Indian outsourcers are anxious to limit the damage to their reputation caused by the revelation Satyam Computer Services had fiddled its accounts in the biggest fraud in Indian business history.
The National Association of Software and Service Companies (Nasscom) which represents Indian IT companies, was quick to distance itself from Satyam, and to defend the reputation of the Indian IT as a whole.
"This is a stand-alone case of failure of corporate governance and it is critical that it be viewed in this light," Nasscom said in a statement on Wednesday.
While the law will take its course, “this incident is particularly unfortunate as the Indian IT-BPO industry had set very high standards of ethics and corporate governance,” Nasscom added.
Nasscom will work with a Satyam Task Force “to reach out to their customers and employees and guide them through the transition,” and will work with its membership “to re-commit to maintaining the highest standards of governance and transparency.

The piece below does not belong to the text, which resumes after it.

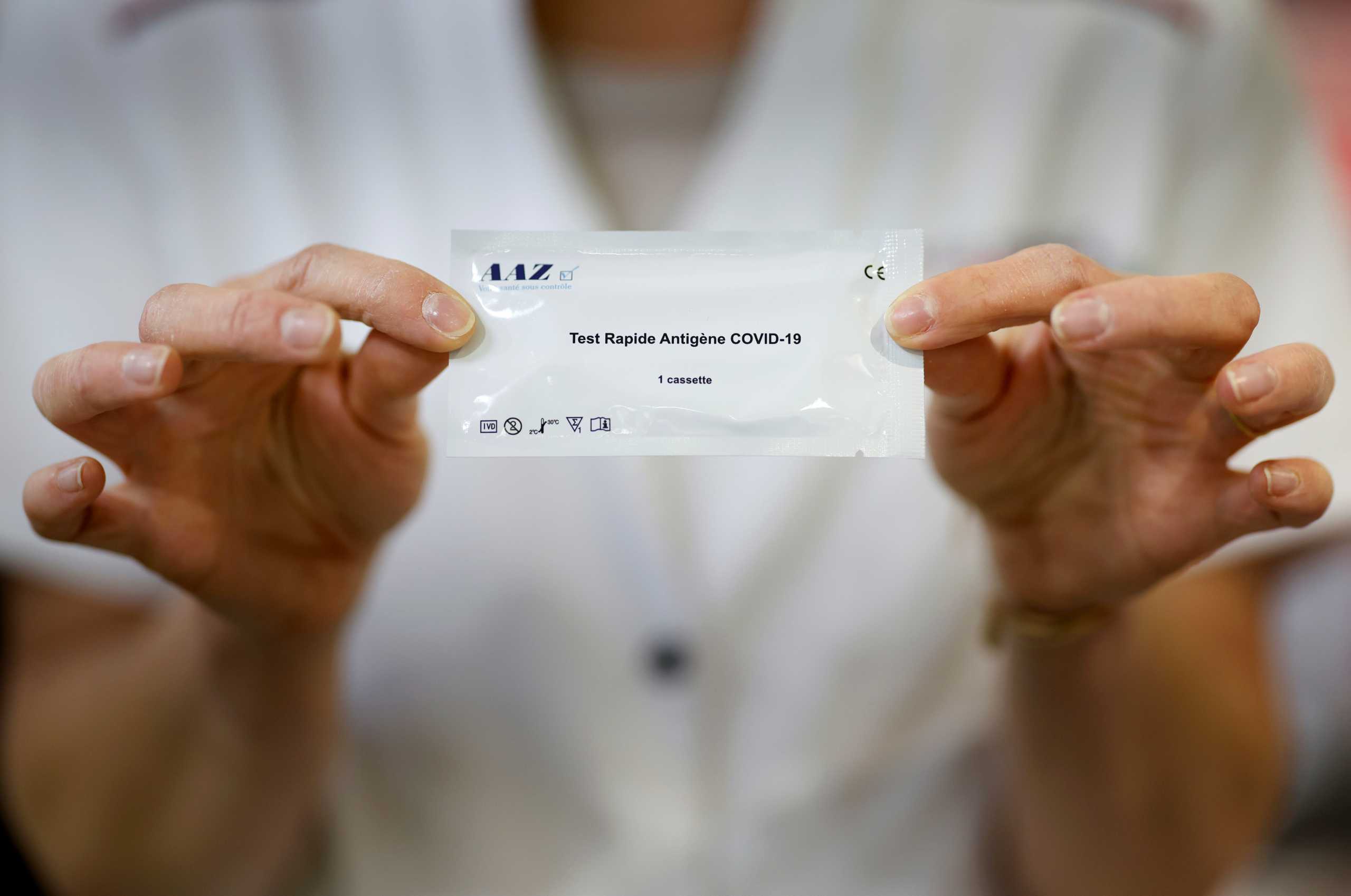 A pharmacist shows a COVID-19 self-test kit in a pharmacy in Nantes amid the coronavirus disease (COVID-19) outbreak  in France, April 13, 2021. REUTERS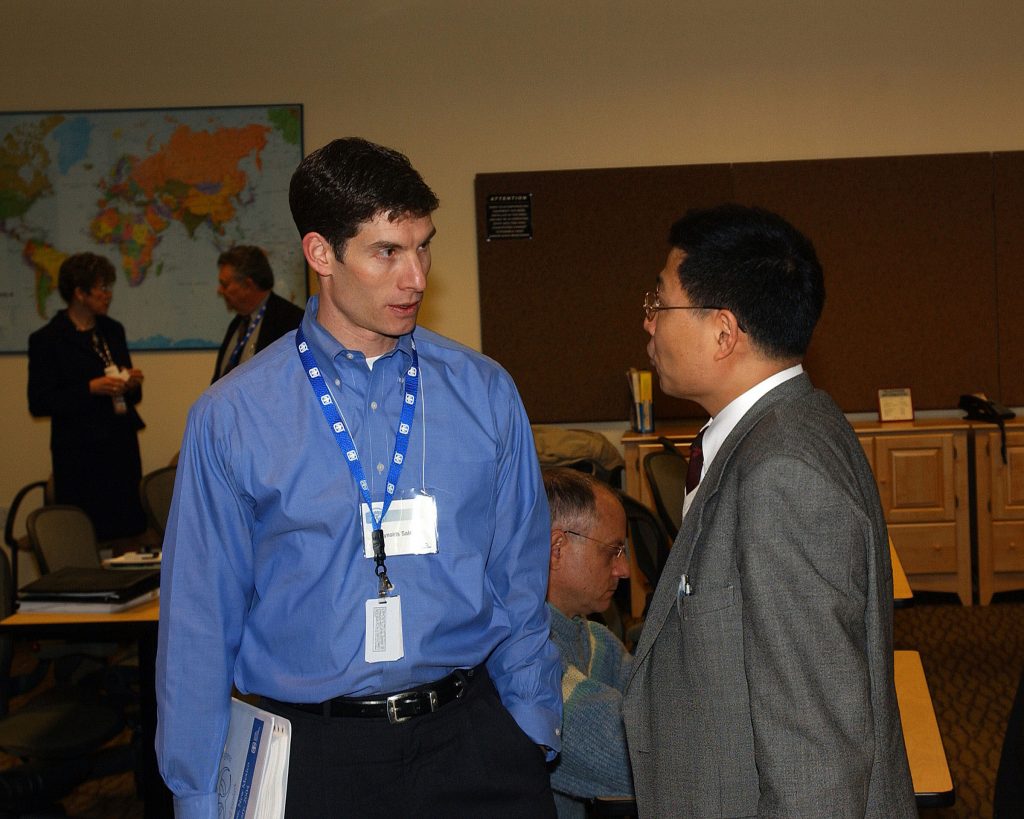 Sandia National Laboratories conference technical host Ren Salerno (left) discusses biosecurity issues with Won Keun Seong of the Republic of Korea’s Research Center for Pathogen Control.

Disgraced Satyam former CEO Ramalinga Raju was a former chairman of Nasscom and a pioneer of the Indian IT and outsourcing industry.
Mark Kobayashi-Hillary, a director of the National Outsourcing Association in the UK, said, “This is about corporate governance, not outsourcing.” He described the Satyam affair as “India’s Enron” and said the issue highlights the need for CIOs to do due diligence.
“Satyam has long been held up as an industry leader, but this illustrates that brand reputation means nothing if you don ‘t do due diligence.” Kobayashi-Hillary went on to say it is difficult to do effective due diligence when fraud can occur at a publicly quoted company whose books are audited.